• **EXERCISE OBJECTIVE**
Your job is to report every line of the entries that has "Orange".

(Short descriptive text snippets)
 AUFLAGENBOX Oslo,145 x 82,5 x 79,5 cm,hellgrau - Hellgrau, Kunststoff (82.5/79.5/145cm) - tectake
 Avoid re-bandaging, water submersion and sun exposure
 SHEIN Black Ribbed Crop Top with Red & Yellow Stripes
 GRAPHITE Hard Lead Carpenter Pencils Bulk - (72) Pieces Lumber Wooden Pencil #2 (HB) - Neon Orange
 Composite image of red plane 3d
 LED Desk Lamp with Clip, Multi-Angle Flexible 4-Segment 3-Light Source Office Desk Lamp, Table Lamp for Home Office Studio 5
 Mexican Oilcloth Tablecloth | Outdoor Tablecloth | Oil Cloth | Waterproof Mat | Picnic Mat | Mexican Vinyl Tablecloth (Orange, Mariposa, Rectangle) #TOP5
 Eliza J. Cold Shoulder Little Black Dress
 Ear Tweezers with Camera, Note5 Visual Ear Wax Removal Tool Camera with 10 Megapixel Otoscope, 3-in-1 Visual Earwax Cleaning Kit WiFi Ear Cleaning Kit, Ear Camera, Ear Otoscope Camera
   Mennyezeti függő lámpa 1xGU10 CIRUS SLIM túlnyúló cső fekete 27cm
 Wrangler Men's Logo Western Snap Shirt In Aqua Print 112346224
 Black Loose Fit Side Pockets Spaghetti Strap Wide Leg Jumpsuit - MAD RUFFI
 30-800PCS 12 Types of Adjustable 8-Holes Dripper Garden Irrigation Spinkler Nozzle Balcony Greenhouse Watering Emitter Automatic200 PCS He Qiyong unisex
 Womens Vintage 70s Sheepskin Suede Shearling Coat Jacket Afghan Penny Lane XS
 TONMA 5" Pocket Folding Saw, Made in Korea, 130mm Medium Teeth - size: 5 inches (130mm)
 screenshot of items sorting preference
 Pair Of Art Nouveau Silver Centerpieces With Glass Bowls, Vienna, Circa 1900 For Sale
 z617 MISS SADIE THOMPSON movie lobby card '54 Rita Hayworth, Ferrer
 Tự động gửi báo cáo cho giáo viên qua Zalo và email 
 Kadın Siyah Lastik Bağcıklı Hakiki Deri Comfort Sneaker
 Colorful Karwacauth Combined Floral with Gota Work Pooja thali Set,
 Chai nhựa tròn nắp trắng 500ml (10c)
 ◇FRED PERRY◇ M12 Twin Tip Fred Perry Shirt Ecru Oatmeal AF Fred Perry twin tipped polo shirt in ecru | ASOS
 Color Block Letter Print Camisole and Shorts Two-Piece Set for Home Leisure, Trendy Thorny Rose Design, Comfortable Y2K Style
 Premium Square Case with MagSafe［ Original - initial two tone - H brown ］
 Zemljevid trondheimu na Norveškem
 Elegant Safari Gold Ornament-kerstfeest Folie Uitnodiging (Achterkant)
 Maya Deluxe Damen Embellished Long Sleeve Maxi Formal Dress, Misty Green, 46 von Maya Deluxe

• **OUTPUT**
 GRAPHITE Hard Lead Carpenter Pencils Bulk - (72) Pieces Lumber Wooden Pencil #2 (HB) - Neon Orange
 Mexican Oilcloth Tablecloth | Outdoor Tablecloth | Oil Cloth | Waterproof Mat | Picnic Mat | Mexican Vinyl Tablecloth (Orange, Mariposa, Rectangle) #TOP5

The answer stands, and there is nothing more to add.